Heterogeneous photocatalytic performances of CO2 reduction based on the [Emim]BF4 + TEOA + H2O system.

The photochemical reduction of CO2 was studied in a 1-ethyl-3-methylimidazolium tetrafluoroborate, triethanolamine and water ([Emim]BF4 + TEOA + H2O) system under visible light irradiation. The integration of CdS and the Co-bpy complex, which acted as a photocatalyst and cocatalyst, respectively, was employed as an efficient catalytic system for the CO2-to-CO conversion. The utilization of [Emim]BF4 and water took advantage of their green properties. The amount of CO production showed that the test medium containing 10 vol% H2O was favourable for the catalytic performance of the CO2 reduction. In order to further study the factors that influenced the current system, the physical and spectroscopy properties were characterized by altering the composition ratio of the ingredients. Relevant parameters, including the viscosity, conductivity, solubility and coordination, were adjusted using the ratio of the H2O/[Emim]BF4 addition, resulting in a different catalytic performance. All of these attempts led to an optimal reaction condition for the CO2 reduction process. This journal is © The Royal Society of Chemistry.

Introduction

In recent decades, the massive consumption of fossil fuels by human beings has caused both energy shortages and excessive CO2 emission, which have been accompanied by serious environmental changes.[1,2] Meanwhile, CO2 is also an abundant and sustainable carbon resource that can be used as an industrial feedstock to produce value-added chemicals.[3-5] More specifically, the photocatalytic process addresses the tough challenges and provides a feasible way to use CO2 as a resource. Therefore, it was simultaneously developed as an approach to store renewable solar energy in the form of chemical energy. In other words, solar energy along with CO2 can be converted into a high-energy density fuel, which is convenient for transportation and storage. There are a number of works that focus on the photocatalytic CO2 conversion. To date, these reports are generally classified into following categories: (1) exploiting highly efficient and stable photocatalysts, especially for visible light responding materials;[6,7] (2) the development of reaction types, including the reduction of CO2 into Cl chemicals and liquid fuels[8] as well as the synthesis of organic compounds such as poly/carbonates, and aromatic carboxylic acids;[9] (3) designing gimmickry or a reaction system for various purposes, especially for green processes and air resistance systems.[10,11] (4) The mechanism investigation is also a promising approach to yield a high efficiency CO2 conversion.
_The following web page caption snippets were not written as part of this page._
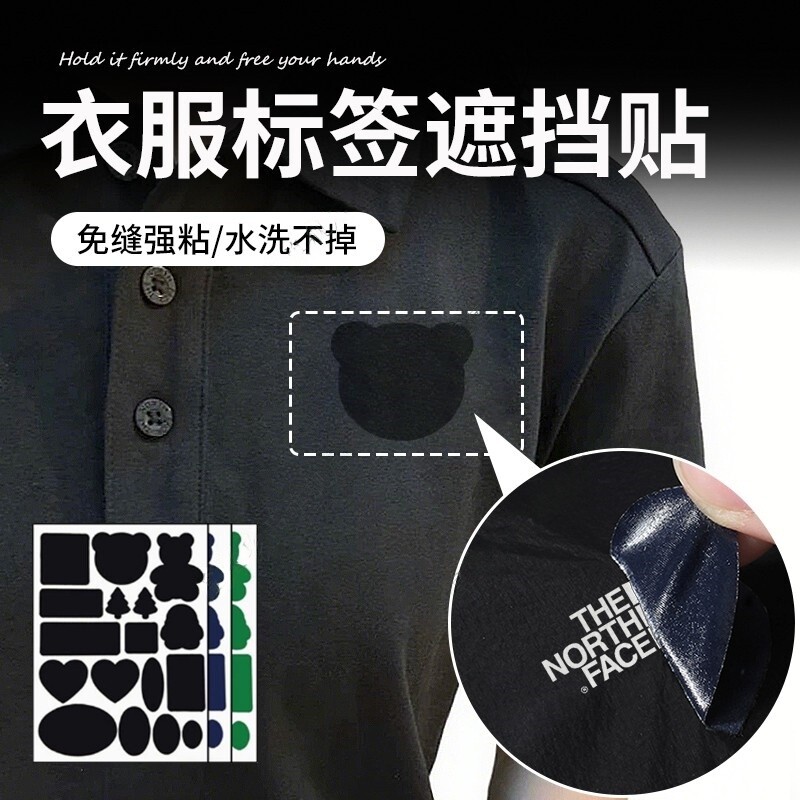 衣服标签遮挡贴商标衣服标志logo贴书包遮挡贴无痕款自粘补丁贴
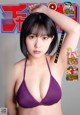 Miku Tanaka 田中美久, Shonen Champion Gekkan 2022 No.05 (月刊少年チャンピオン 2022年5号)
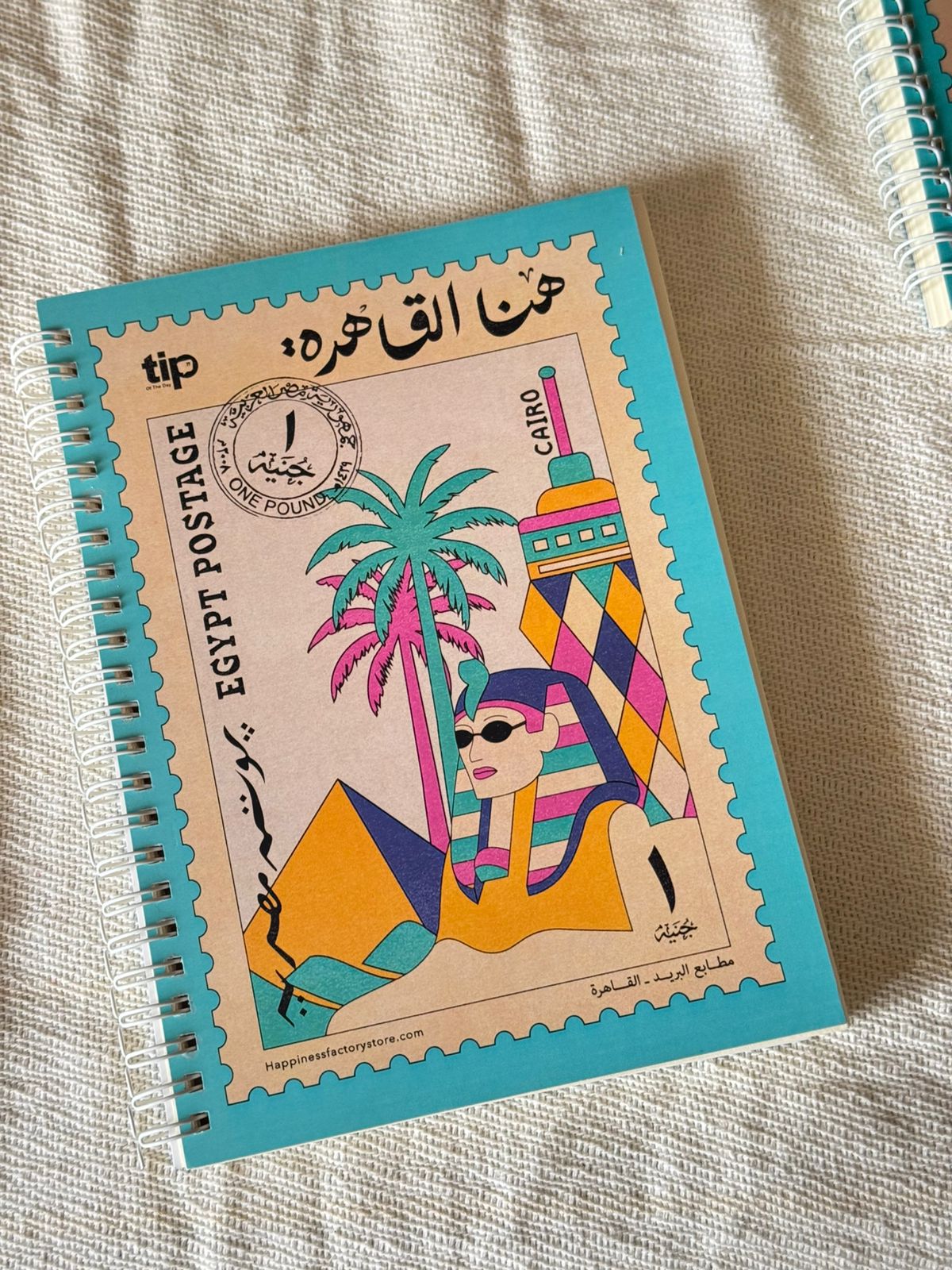 دفتر هنا القاهرة فليكس كريستال تركواز بسلك مع غلاف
More specifically, the perspective of green chemistry plays an important role in the design of chemical products and catalytic processes. Water is considered to be a green solvent. Therefore, many CO2 reduction experiments have been conducted in an aqueous solution over the past few decades. Indeed, the use of water as a reductant and reaction medium provides an ideal approach for the CO2 conversion with the concept of green chemistry. However, inevitable obstacles exist that hinder the CO2 reduction reaction. The primary factors include a very low CO2 solubility (0.033 mol L−1 at 25 °C) and hydrogen generation.[12] The poor solubility leads to slow kinetics during the reaction. A competing reaction of the H2 evolution results in a large consumption of photogenerated electrons.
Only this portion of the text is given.